No, I don't think so.  An object with shnum 0 or 1 is a valid ELF file
as far as I known.

> > +  unsigned int i = start;
> > +  do
> >      {
> > +      const unsigned char* p = pshdrs + i * This::shdr_size;
> > ...
> > +    } while ((i = i + 1 == shnum ? 1 : i + 1) != start);
> >  }
> 
> Not a fan of that do...while loop. (Hmmm, what happens if shnum == 1?)

shnum == 1 is excluded earlier.

> At the least, the condition could use an extra pair of parens to make
> it more readable. I think I'd prefer the original for loop, running
> from 1..shnum, but add the bias and calculate p at the top of the
> loop.

Huh, I first wrote a patch that used the original for loop and decided
it was cleaner to use do {} while().  You need an extra variable too,
which probably will not be eliminated by a compiler.

  if (start == 0)
    start = 1;
  for (unsigned int i = 1; i < shnum; ++i)
    {
      unsigned int rel_shndx = i + start - 1;
      if (rel_shndx >= shnum)
	rel_shndx = i - shnum + 1;
      const unsigned char* p = pshdrs + rel_shndx * This::shdr_size;

If I keep the do..while, where did you want the parens?  Like this?

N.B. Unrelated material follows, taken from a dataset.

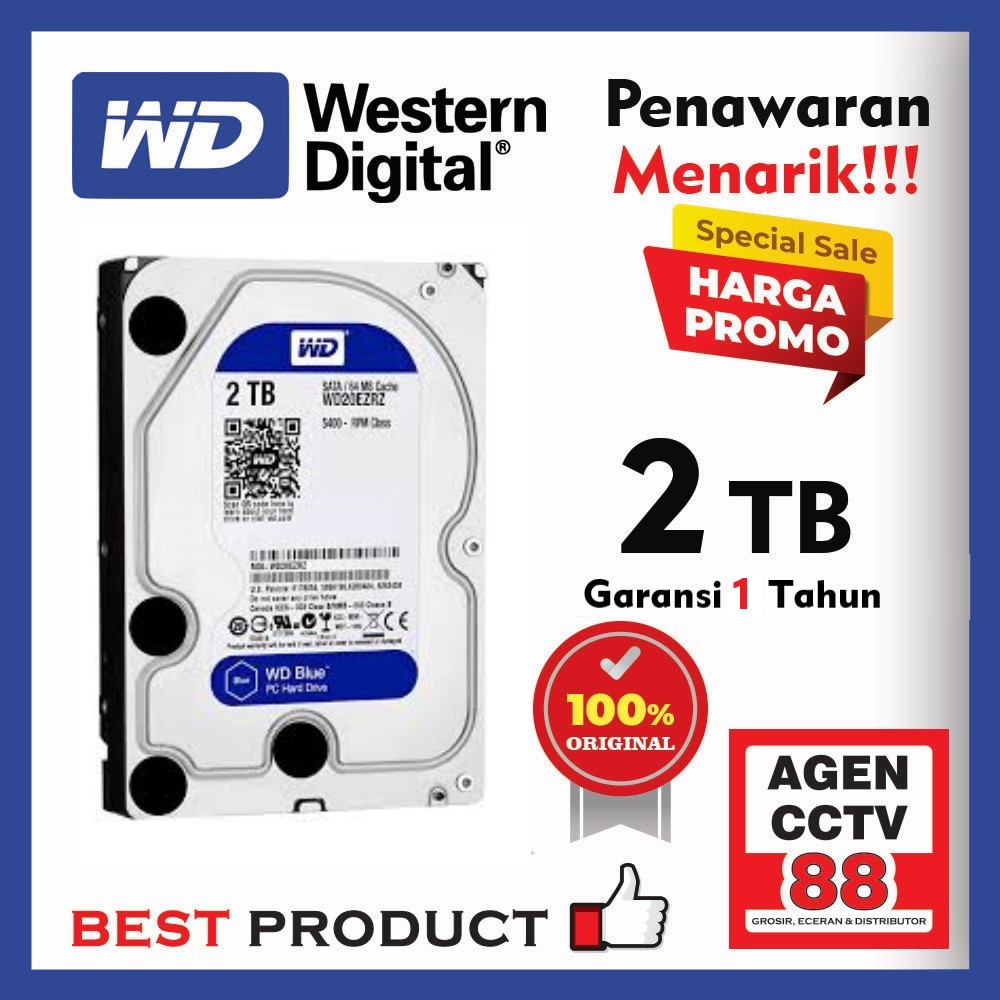 Harddisk Hardisk HDD WD Western Digital 2TB Internal 3.5&quot; Untuk PC &amp; DVR CCTV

    } while ((i = (i + 1 == shnum) ? 1 : i + 1) != start);

Now that you've seen the for loop option, which do you prefer?

-- 
Alan Modra
Australia Development Lab, IBM

^ permalink raw reply	[flat|nested] 7+ messages in thread

* Re: [GOLD] PowerPC64 TOC indirect to TOC relative code editing
  2017-01-09 22:21   ` Alan Modra
@ 2017-01-09 22:28     ` Cary Coutant
  2017-01-10  3:00       ` Cary Coutant
  0 siblings, 1 reply; 7+ messages in thread
From: Cary Coutant @ 2017-01-09 22:28 UTC (permalink / raw)
  To: Alan Modra; +Cc: Binutils

> Huh, I first wrote a patch that used the original for loop and decided
> it was cleaner to use do {} while().  You need an extra variable too,
> which probably will not be eliminated by a compiler.
>
>   if (start == 0)
>     start = 1;
>   for (unsigned int i = 1; i < shnum; ++i)
>     {
>       unsigned int rel_shndx = i + start - 1;
>       if (rel_shndx >= shnum)
>         rel_shndx = i - shnum + 1;
>       const unsigned char* p = pshdrs + rel_shndx * This::shdr_size;
>
> If I keep the do..while, where did you want the parens?  Like this?
>
>     } while ((i = (i + 1 == shnum) ? 1 : i + 1) != start);
>
> Now that you've seen the for loop option, which do you prefer?

Let me think about this. I'm thinking of something a bit more
ambitious (but just a bit).

-cary

^ permalink raw reply	[flat|nested] 7+ messages in thread

* Re: [GOLD] PowerPC64 TOC indirect to TOC relative code editing
  2017-01-09 22:28     ` Cary Coutant
@ 2017-01-10  3:00       ` Cary Coutant
  2017-01-10 12:12         ` Alan Modra
  0 siblings, 1 reply; 7+ messages in thread
From: Cary Coutant @ 2017-01-10  3:00 UTC (permalink / raw)
  To: Alan Modra; +Cc: Binutils

[-- Attachment #1: Type: text/plain, Size: 1102 bytes --]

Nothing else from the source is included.